Budgeting for healthcare coverage just became more expensive for many Americans.
The average individual premium in 2014 may rise 27% states Bob Cosway, a principal and consulting actuary at Milliman Inc. here in San Diego, according to BusinessInsider information which cites the LA Times. Cosway's estimate factors in the addition of sicker patients as a result of guaranteed coverage, and also states it is the biggest single reason for higher premiums.
As thousands of Californians receive cancellation notices from healthcare providers they wanted to keep and the discovery of undesired health plan exchange packages found at the CoveredCalifornia website, the reaction is dismay.
As the ObamaCare overhaul attempts to remake the healthcare market and cover millions who have been shut-out for years, the complaints about increased policy costs as reported in the Examiner, and glitches in the system, also told here, are important.
But as the KaiserFamilyFoundation online states the issue, recent practices "... can lead to less healthy people being disproportionately concentrated in certain policies, and the high premium increases they face can cause people to give up coverage. Ending these practices will tend to lower premiums for some current nongroup enrollees with health problems and will increase them for enrollees who are healthy."
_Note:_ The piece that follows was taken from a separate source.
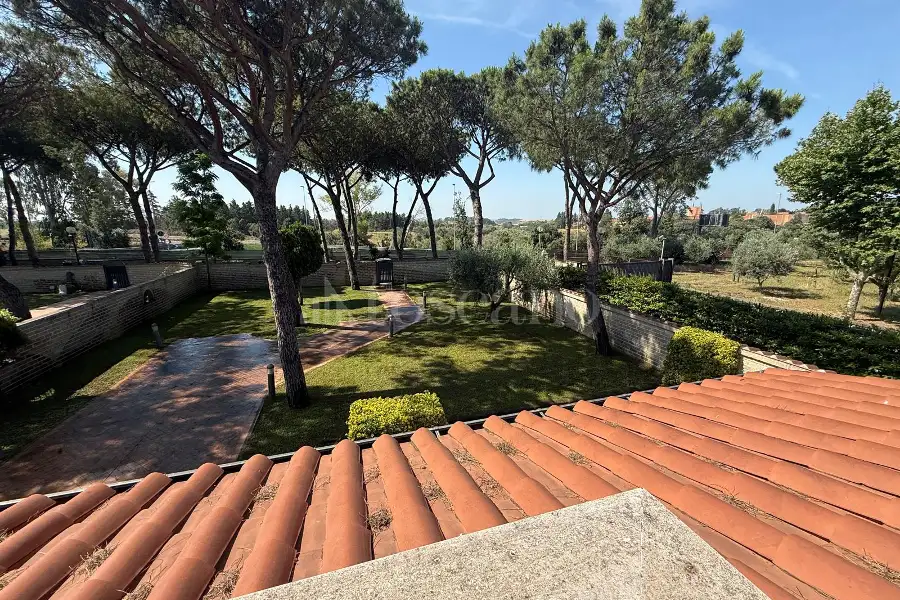 Villa Bifamiliare in affitto di 135 mq a €1.900 (rif. 9/2026)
Covered California: "We are ... making it better"
"Many plan cancellations were required by Covered California," according to the website Californiahealthline.org, to guarantee that insurers would not keep the healthiest individuals out of the state insurance exchange. Quoted in the article is the executive director of Covered California, Peter Lee, on the need for healthy individuals to enter risk pool:
"People could have kept their cheaper, bad coverage, and those people wouldn't have been part of the common risk pool. ... We are better off all being in this together. We are transforming the individual market and making it better."
The plan cancellations thus far are:
- 119,000 policyholders at Blue Shield of California
- 160,000 policyholders from Kaiser Permanente
The website reports those who are being cancelled do not meet the ObamaCare law's minimum coverage levels, and they must now find something that complies with it, even though about two-thirds of Blue Shield policyholders "... will likely pay higher premiums for a new plan."
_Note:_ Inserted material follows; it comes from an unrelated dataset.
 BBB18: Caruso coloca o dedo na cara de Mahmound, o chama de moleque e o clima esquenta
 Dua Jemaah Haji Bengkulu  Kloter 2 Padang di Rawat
Choosing to go without coverage, because of the higher cost, and opting to pay the tax penalty could cause rates to skyrocket according to a piece in the LATimes by Chad Terhune, if the right mix of people (healthy and sick) don't sign up for the health insurance. Quoted by the Times is the president of Anthem Blue Cross in California, Pam Kehaly, who said she received a letter from a young woman complaining about a 50% rate hike which was related to the healthcare law:
"She said, 'I was all for Obamacare until I found out I was paying for it.'"
Most Americans are required to have health coverage starting next year or pay a fine of $95 per adult or 1% of their income, whichever is greater, according to the Times story.
And those monetary penalties will increase over time.